Preoperative diagnosis of PALN metastasis is not always easy, even when using the latest imaging technology [28, 29]. In daily clinical practice, enlarged PALNs suspicious of metastasis or inflammation are sometimes encountered. The enlarged PALN may be thought to be a distant metastasis and the reason for unresectability in some institutions, even if it is not pathologically proven. In the United States and Europe, the sampling of PALNs does not seem a routine procedure during surgery. Therefore, the actual rate of metastatic PALN in pancreatic cancer is unknown. However, even with the small number of PALN sampling of 4.3, the metastatic rate in PALN of 12 % in this analysis is not low and cannot be ignored. Previous studies have demonstrated that several factors including tumor size, surgical margin, postoperative CA19-9 level, extrapancreatic nerve invasion, age, and portal vein invasion were associated with PALN metastasis [11, 12, 30]. Our data, including R status, pre- and post-operative CA19-9 levels, corroborate some of the previous reports. On the other hand, Nagai et al. have reported that even T1 and T2 primary tumors of pancreatic cancer had a relatively high rate of PALN metastasis [31]. In this series, two T1 primary tumors had PALN metastasis. Furthermore, Hirono et al. have reported that there is a direct lymphatic drainage pathway from the pancreatic head to the PALN area [32]. Taken together, although PALN metastasis is a common feature of pancreatic cancer, it may occur at a relatively early stage before metastasizing to other distant organs.

Previous studies have shown that there were no or very few long-term survivors after pancreatic resection for the patients with PALN metastasis [1113]. In contrast, 26 out of 102 patients with metastatic PALN survived for over 2 years and 13 for over 3 years. We then analyzed the conditions for long-term survival after pancreatic resection for patients with PALN metastasis. As a result, adjuvant chemotherapy and the number of metastatic PALNs were independent prognostic factors in patients with PALN metastasis. Data suggested that multimodal treatment including surgery and chemotherapy might lead to long-term survival in some patients, especially with single PALN metastasis. To consider future strategy, we analyzed the initial recurrence pattern. The pattern did not differ much between patients with PALN metastasis and those without. However, only lung metastasis was observed more often in patients with PALN metastasis, although the underlying mechanism is unclear at present. Data suggested that a more effective systemic anticancer treatment was needed. As demonstrated in recent clinical trials, several promising chemotherapy regimens may further improve postoperative prognosis of PALN-positive patients [22, 23].

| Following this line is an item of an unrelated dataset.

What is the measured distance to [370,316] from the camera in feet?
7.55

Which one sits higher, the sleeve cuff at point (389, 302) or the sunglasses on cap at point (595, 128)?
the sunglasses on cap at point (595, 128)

There are several limitations in this study. Firstly, the sampling of PALNs was performed based on the surgeon’s decision at each institution. Furthermore, massive PALN metastases even in patients without any other distant metastases might be considered to be contraindications in most cases. Therefore, actual status of PALN remained unknown in all patients. Secondly, this study is retrospective and the true significance of pancreatic resection remains unknown. Thirdly, since this is multi-institutional study, each institution has different treatment strategies including neoadjuvant and adjuvant treatment. Such inter-institutional differences can affect the analyzed data. Therefore, in order to obtain medical evidence and to evaluate surgical indications precisely, prospective clinical studies, especially under current circumstances, need to be done. However, since this study is the largest as well as the first multicenter investigation to explore the postoperative prognosis of patients with PALN metastasis, our data may provide useful information on surgical indications and multimodal treatment for advanced pancreatic cancer.

In conclusion, some pancreatic cancer patients with PALN metastasis may survive for longer than expected after pancreatectomy. To expect long-term survival in those patients, adjuvant chemotherapy and single PALN metastasis are critical factors.